#### Action item:
Repeat the data word for word. Do not include the pictures.

─── Dataset excerpts ───

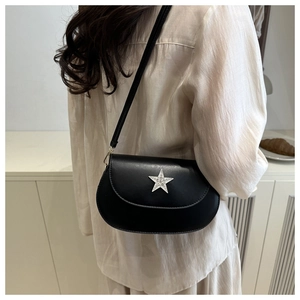 Lifestyle view of a black saddle crossbody bag featuring a silver star ornament with crystals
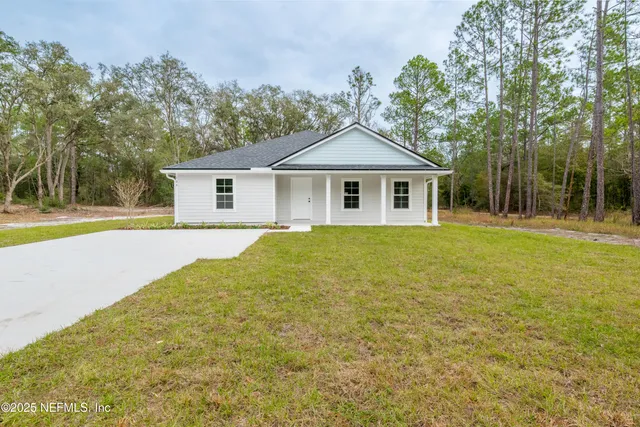 a view of a house with a yard and large trees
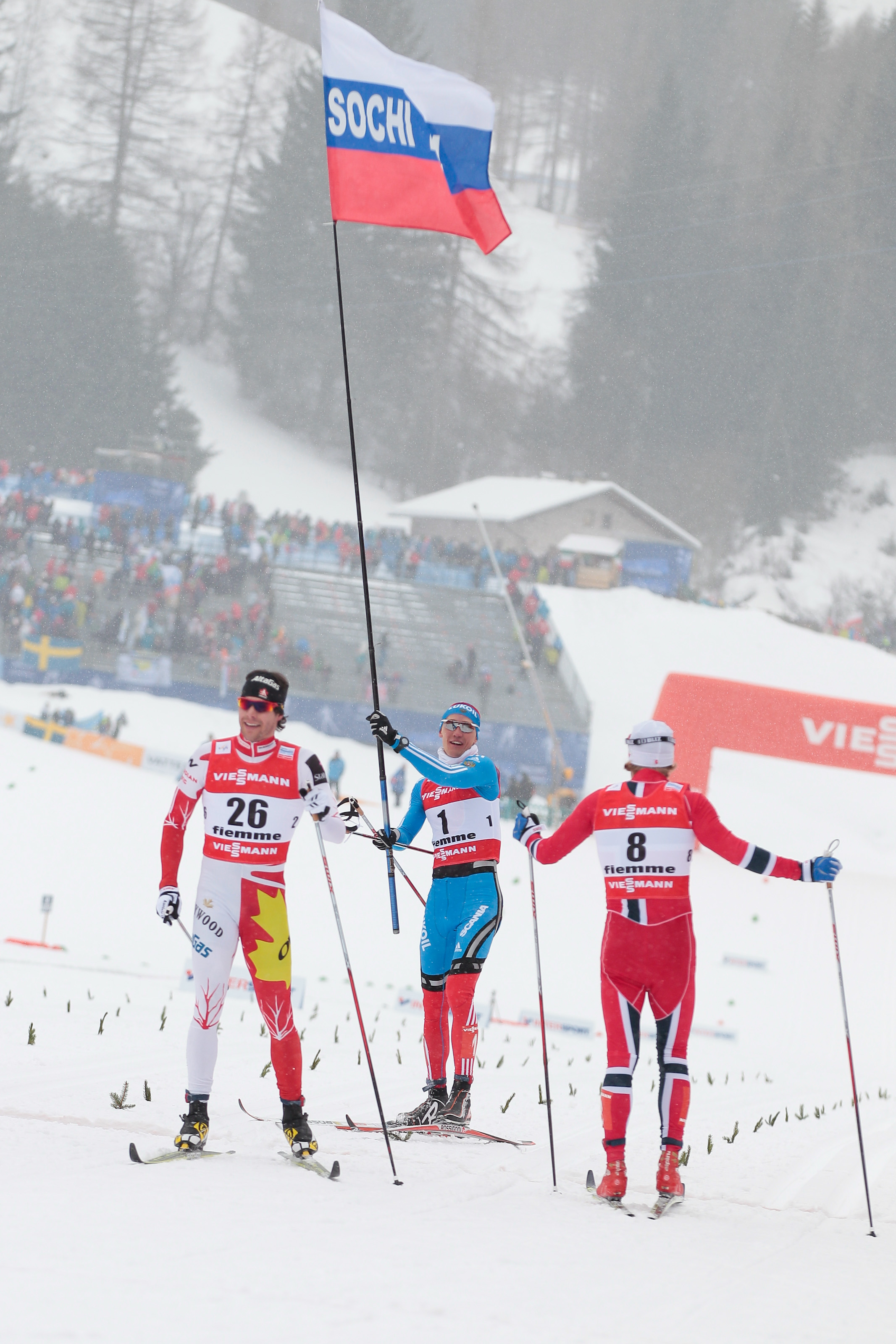 Alex Harvey (l) during a victory lap with Russia's Nikita Kriukov (c), who won the World Championships 1.5 k classic sprint on Thursday, and Norway's Petter Northug, who was second. (Photo: Fiemme2013)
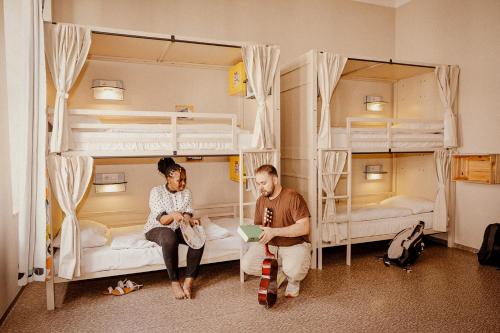 a man and woman sitting in a room with bunk beds at Wombat's City Hostel Budapest in Budapest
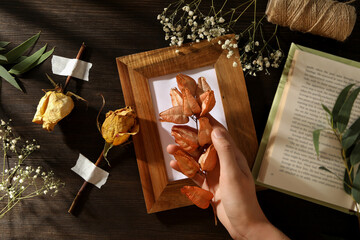 Dried flowers and plants, photo frame, book and hand on wooden background, top view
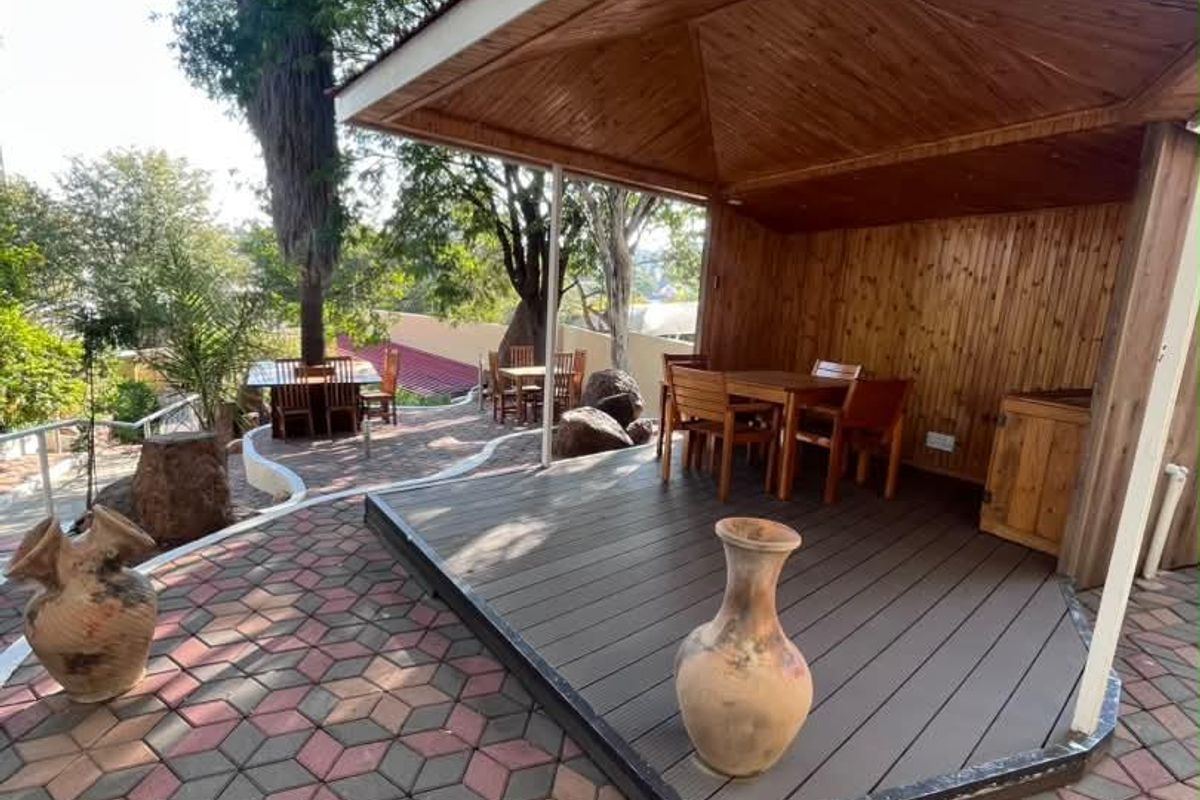 A covered outdoor timber gazebo with decking, set within a landscaped garden area featuring paved walkways and mature trees.
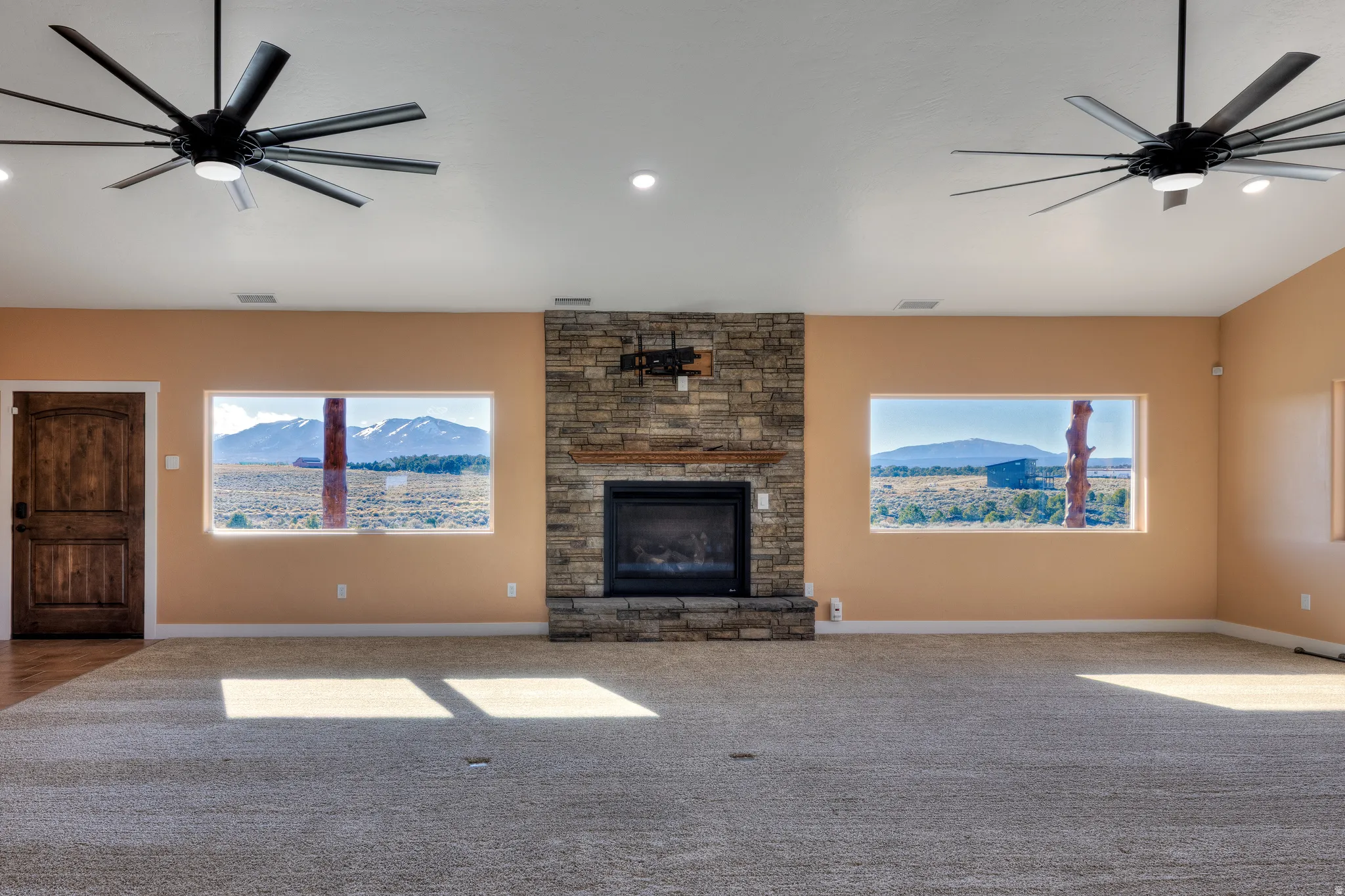 Unfurnished living room featuring ceiling fan, a fireplace, healthy amount of natural light, and recessed lighting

───

#### Written answer:
 Lifestyle view of a black saddle crossbody bag featuring a silver star ornament with crystals
 a view of a house with a yard and large trees
 Alex Harvey (l) during a victory lap with Russia's Nikita Kriukov (c), who won the World Championships 1.5 k classic sprint on Thursday, and Norway's Petter Northug, who was second. (Photo: Fiemme2013)
 a man and woman sitting in a room with bunk beds at Wombat's City Hostel Budapest in Budapest
 Dried flowers and plants, photo frame, book and hand on wooden background, top view
 A covered outdoor timber gazebo with decking, set within a landscaped garden area featuring paved walkways and mature trees.
 Unfurnished living room featuring ceiling fan, a fireplace, healthy amount of natural light, and recessed lighting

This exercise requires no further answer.